What is expected
Although the entries contain pictures, only their words should be duplicated exactly.

Image-caption web data
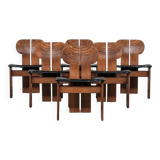 Set of Six 'Africa' Mid-Century Italian Dining Chairs by Scarpa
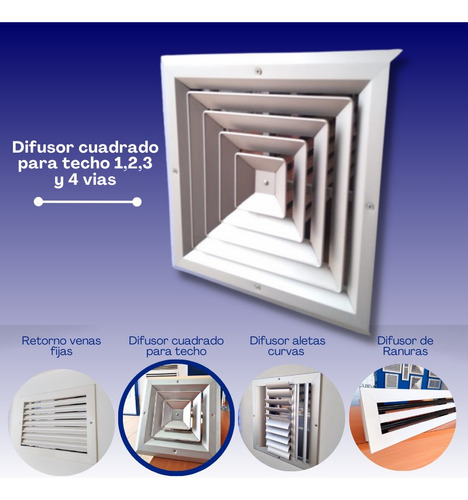 Difusores Rectangulares Para Techo 1 ,2,3,4 Vias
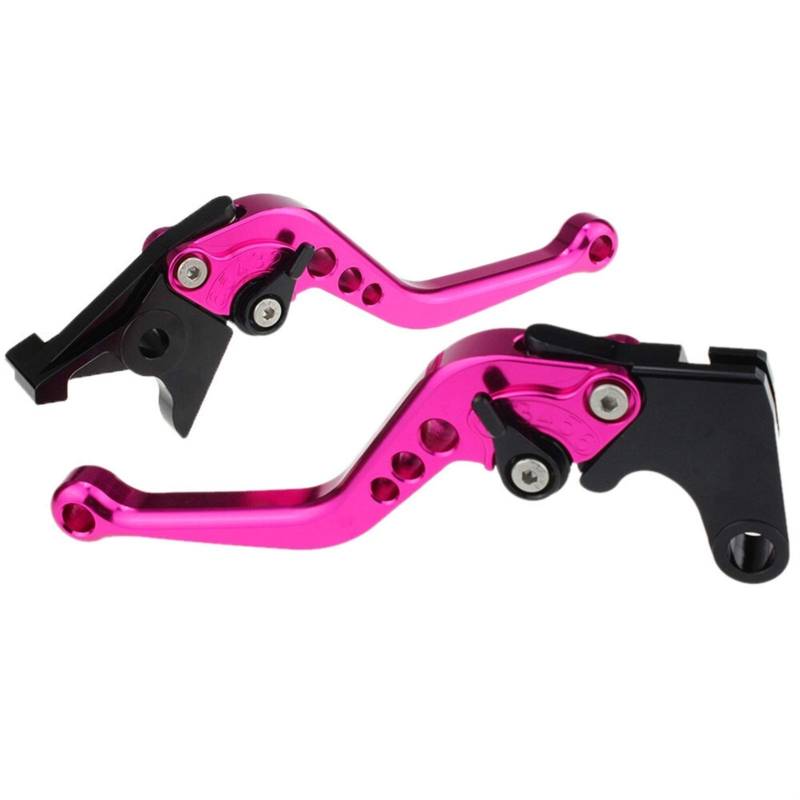 Bremshebel Motorrad,Bremshebel Passend für Benelli TNT 125 135 TNT125 CNC Einstellbare kurz Lange Motorradbremskupplungshebel Set Griff Zubehör(Short Pink) von GBSONGJIN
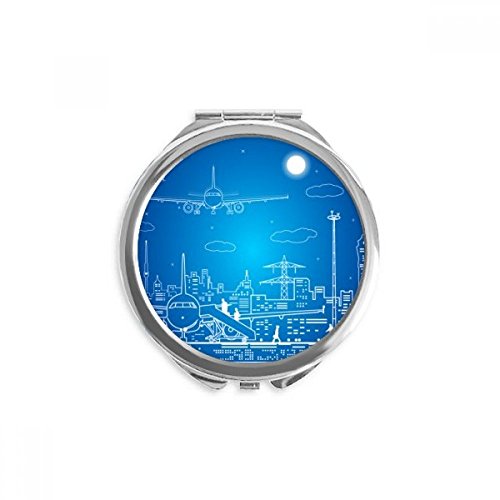 Miroir rond de poche metropolis ville avion nuage paysage portable multicolore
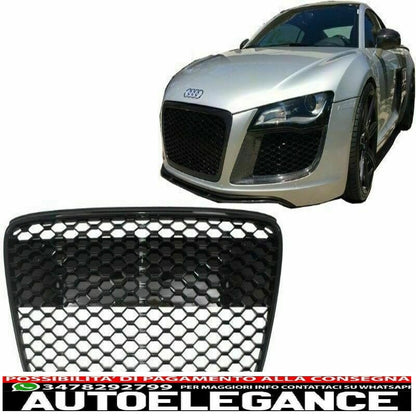 griglia anteriore adatta per audi r8 (2007-2012) a nido d'ape nero pianoforte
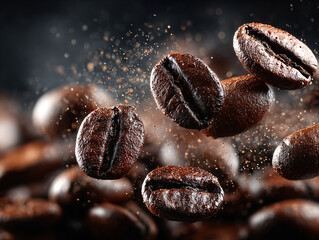 roasted coffee beans with a dynamic background showing coffee dust being scattered around a central bean
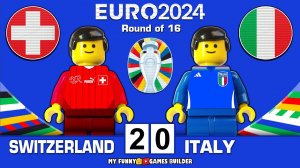 شبیه‌سازی بازی سوئیس و ایتالیا در یورو 2024 با لگو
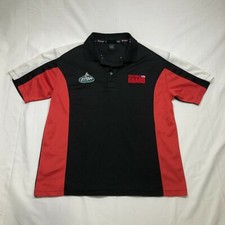 Dale Earnhardt Jr Polo Shirt Mens L NASCAR Black Red White Kenrick Motorsports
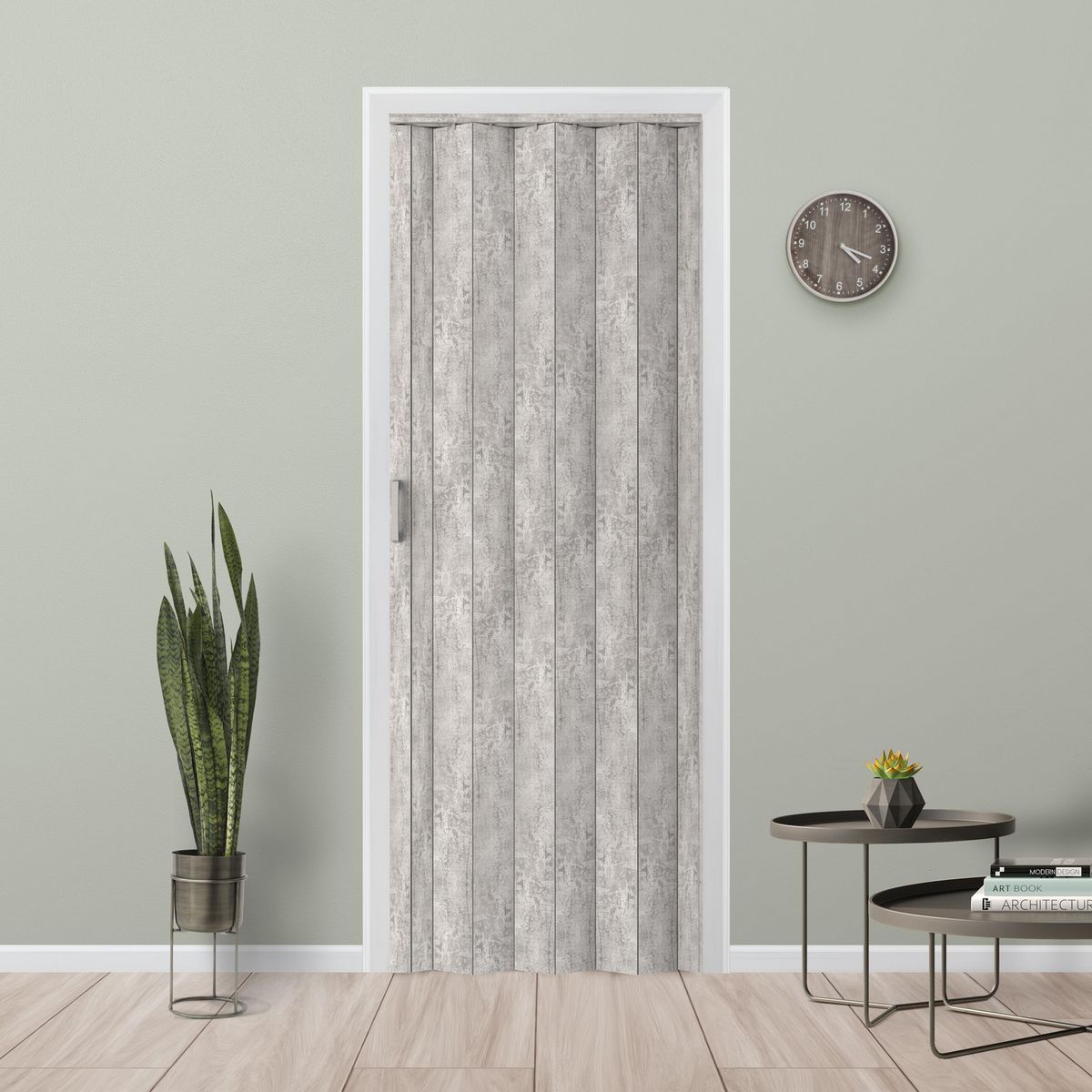 HOGGAN - Puerta Plegable PVC Tivoli 80X200Cm Cemento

Task output
 Set of Six 'Africa' Mid-Century Italian Dining Chairs by Scarpa
 Difusores Rectangulares Para Techo 1 ,2,3,4 Vias
 Bremshebel Motorrad,Bremshebel Passend für Benelli TNT 125 135 TNT125 CNC Einstellbare kurz Lange Motorradbremskupplungshebel Set Griff Zubehör(Short Pink) von GBSONGJIN
 Miroir rond de poche metropolis ville avion nuage paysage portable multicolore
 griglia anteriore adatta per audi r8 (2007-2012) a nido d'ape nero pianoforte
 roasted coffee beans with a dynamic background showing coffee dust being scattered around a central bean
 شبیه‌سازی بازی سوئیس و ایتالیا در یورو 2024 با لگو
 Dale Earnhardt Jr Polo Shirt Mens L NASCAR Black Red White Kenrick Motorsports
 HOGGAN - Puerta Plegable PVC Tivoli 80X200Cm Cemento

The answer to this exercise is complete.